_Data below_
[Start of section]

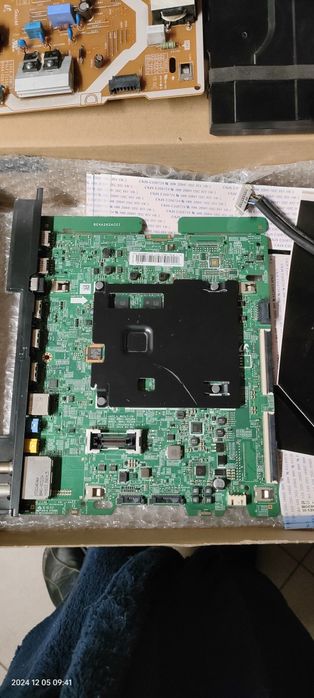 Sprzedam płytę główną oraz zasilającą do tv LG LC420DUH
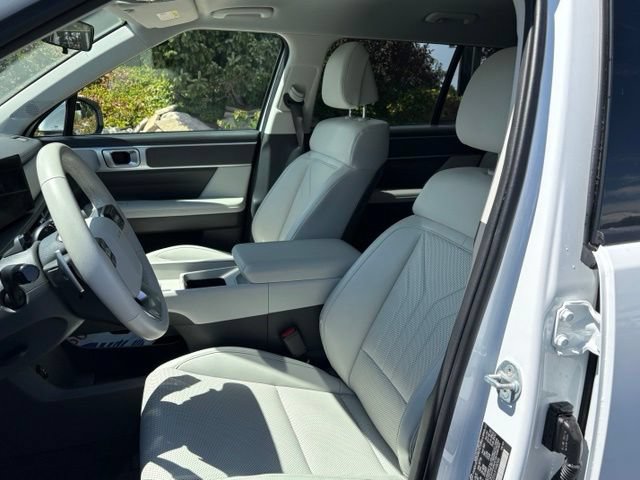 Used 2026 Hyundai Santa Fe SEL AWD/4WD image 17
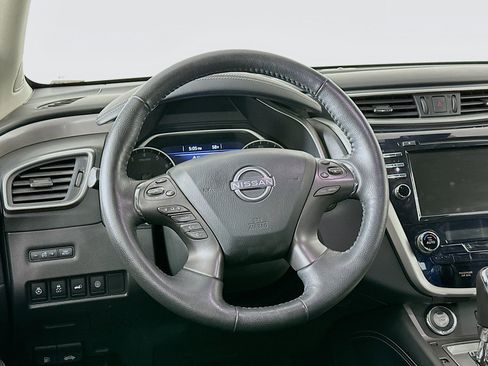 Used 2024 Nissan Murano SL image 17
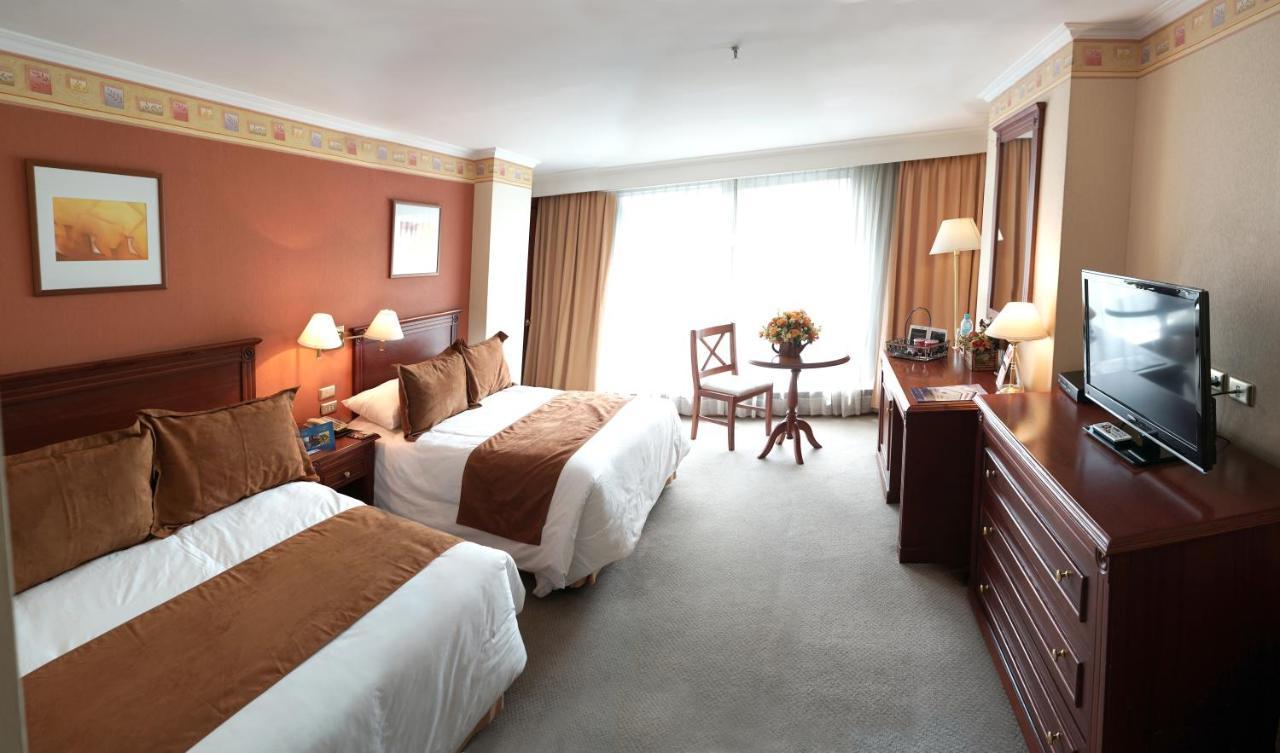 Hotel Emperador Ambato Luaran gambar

[End of section]

_Work to be completed_
Write out the whole of the data exactly; the pictures stay out.

_Reply to the exercise_
 Sprzedam płytę główną oraz zasilającą do tv LG LC420DUH
 Used 2026 Hyundai Santa Fe SEL AWD/4WD image 17
 Used 2024 Nissan Murano SL image 17
 Hotel Emperador Ambato Luaran gambar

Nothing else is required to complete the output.